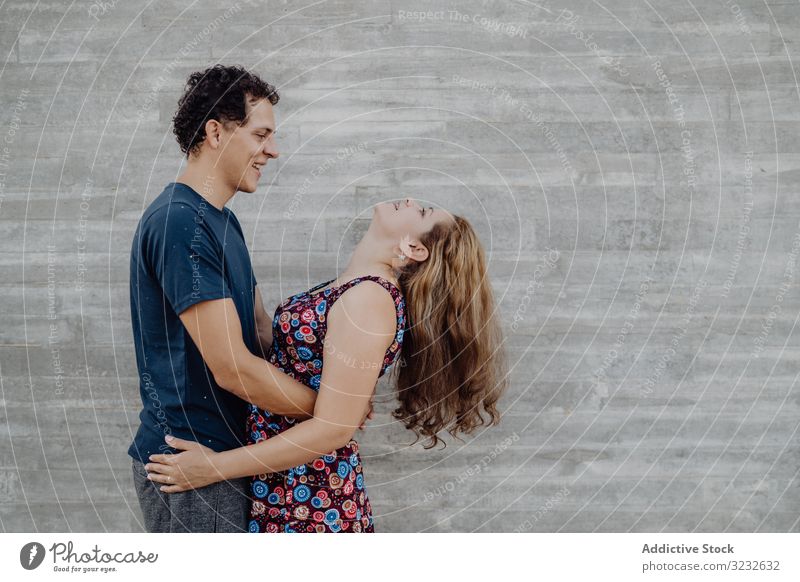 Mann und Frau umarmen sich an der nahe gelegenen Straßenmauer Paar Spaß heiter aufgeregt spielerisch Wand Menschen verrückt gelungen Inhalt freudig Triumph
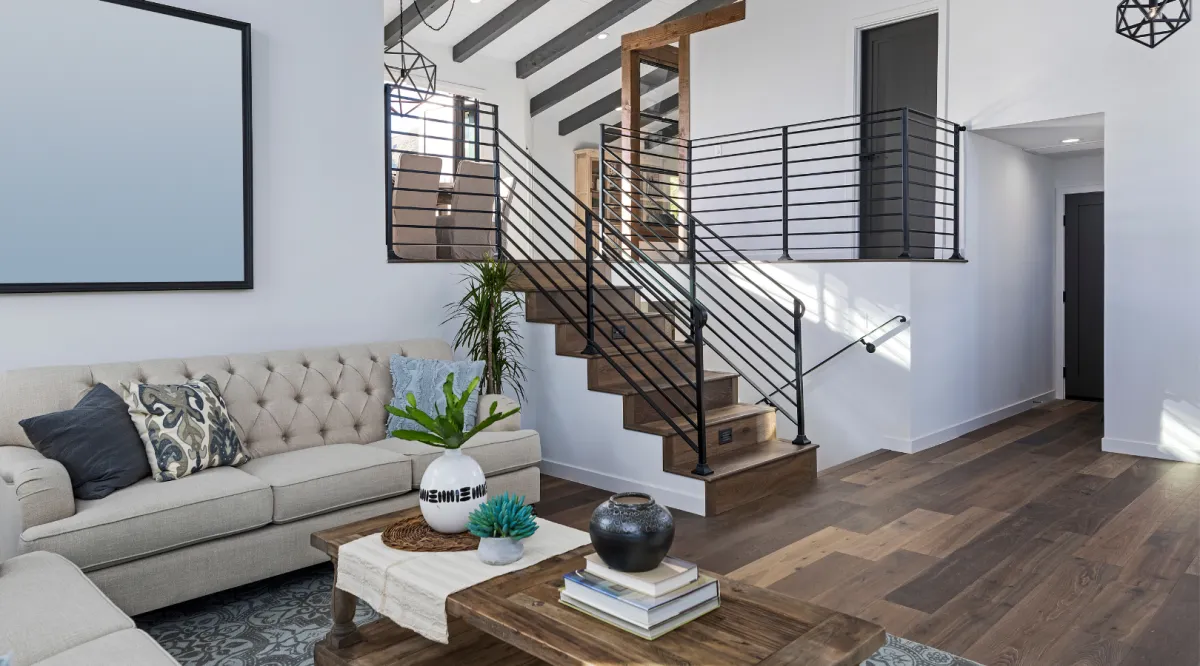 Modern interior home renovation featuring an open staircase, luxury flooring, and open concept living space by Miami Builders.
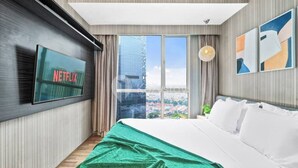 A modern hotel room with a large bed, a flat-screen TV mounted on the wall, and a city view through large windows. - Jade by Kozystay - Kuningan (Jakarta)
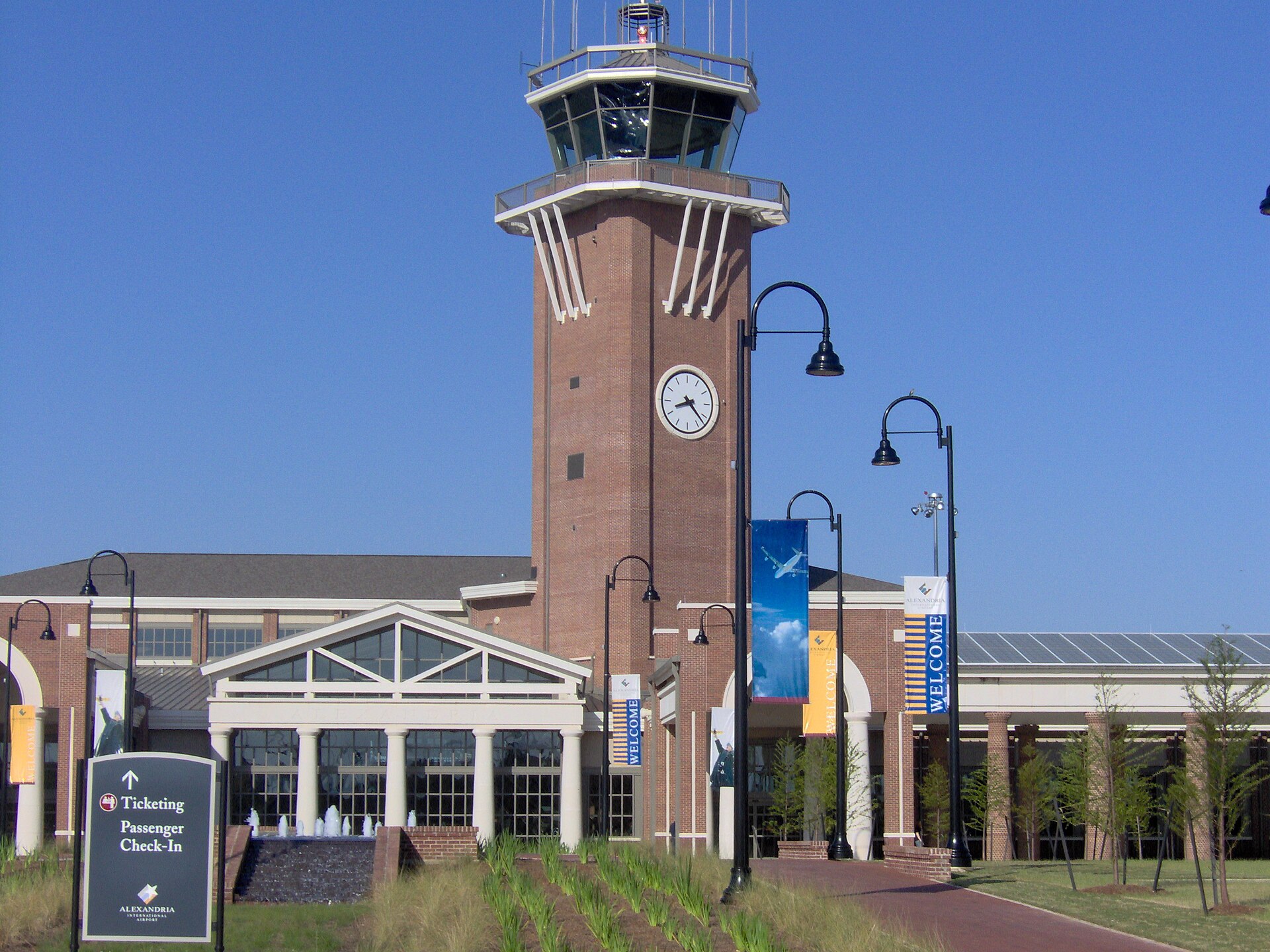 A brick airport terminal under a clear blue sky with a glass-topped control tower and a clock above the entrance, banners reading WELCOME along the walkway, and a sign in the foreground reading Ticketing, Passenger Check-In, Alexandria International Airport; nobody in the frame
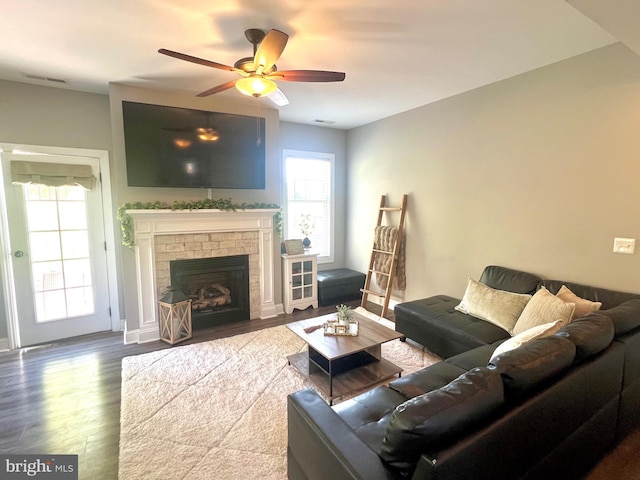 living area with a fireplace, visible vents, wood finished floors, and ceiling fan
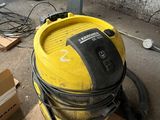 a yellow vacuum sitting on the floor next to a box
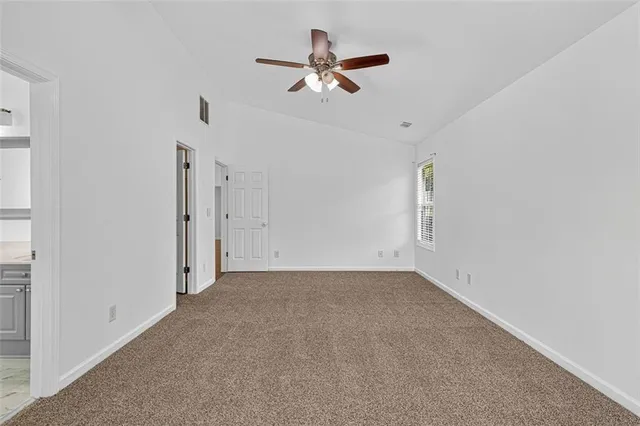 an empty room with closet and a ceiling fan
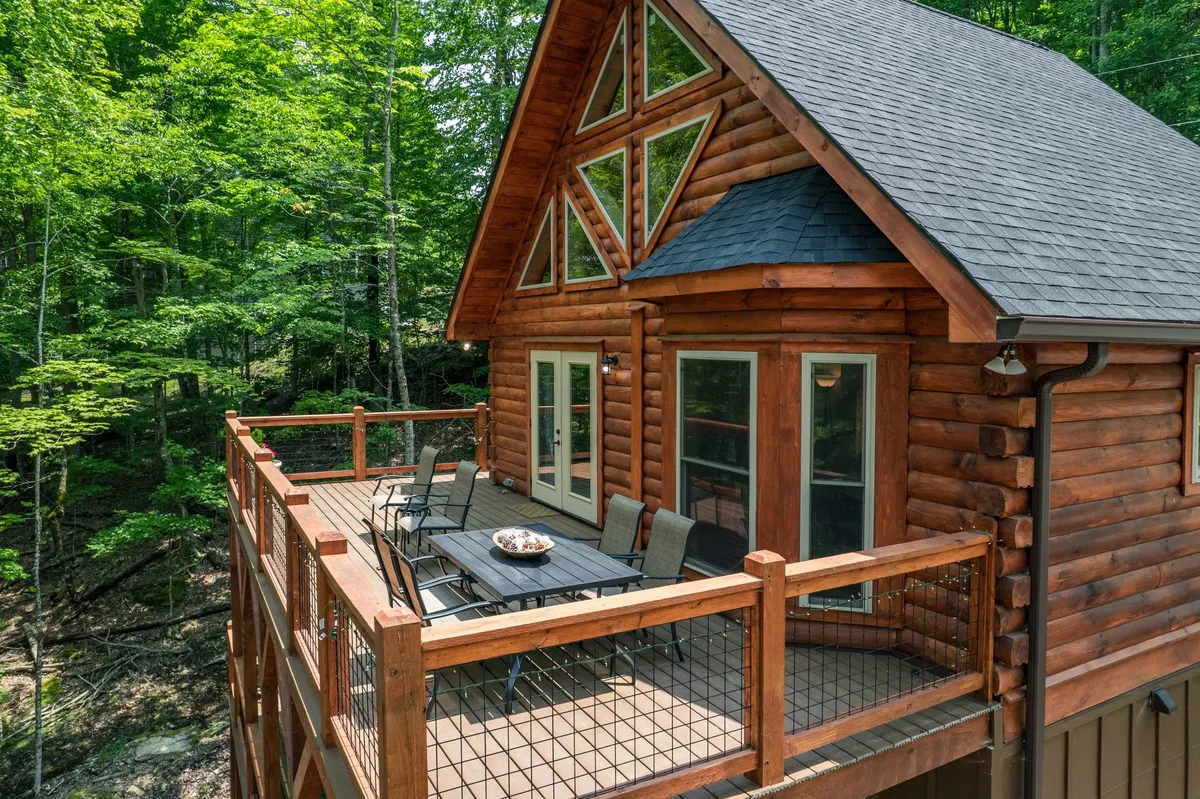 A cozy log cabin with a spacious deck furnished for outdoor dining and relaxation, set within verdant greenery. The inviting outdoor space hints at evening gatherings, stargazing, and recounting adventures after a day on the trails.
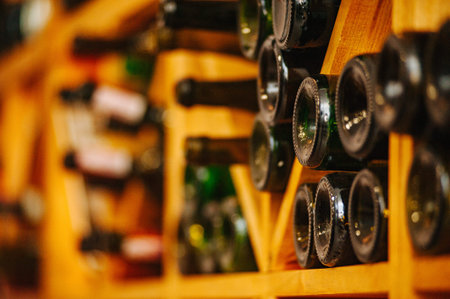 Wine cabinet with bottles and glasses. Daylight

=====

Once the pictures are set aside, transcribe the remaining lines above exactly.

 Mann und Frau umarmen sich an der nahe gelegenen Straßenmauer Paar Spaß heiter aufgeregt spielerisch Wand Menschen verrückt gelungen Inhalt freudig Triumph
 Modern interior home renovation featuring an open staircase, luxury flooring, and open concept living space by Miami Builders.
 A modern hotel room with a large bed, a flat-screen TV mounted on the wall, and a city view through large windows. - Jade by Kozystay - Kuningan (Jakarta)
 A brick airport terminal under a clear blue sky with a glass-topped control tower and a clock above the entrance, banners reading WELCOME along the walkway, and a sign in the foreground reading Ticketing, Passenger Check-In, Alexandria International Airport; nobody in the frame
 living area with a fireplace, visible vents, wood finished floors, and ceiling fan
 a yellow vacuum sitting on the floor next to a box
 an empty room with closet and a ceiling fan
 A cozy log cabin with a spacious deck furnished for outdoor dining and relaxation, set within verdant greenery. The inviting outdoor space hints at evening gatherings, stargazing, and recounting adventures after a day on the trails.
 Wine cabinet with bottles and glasses. Daylight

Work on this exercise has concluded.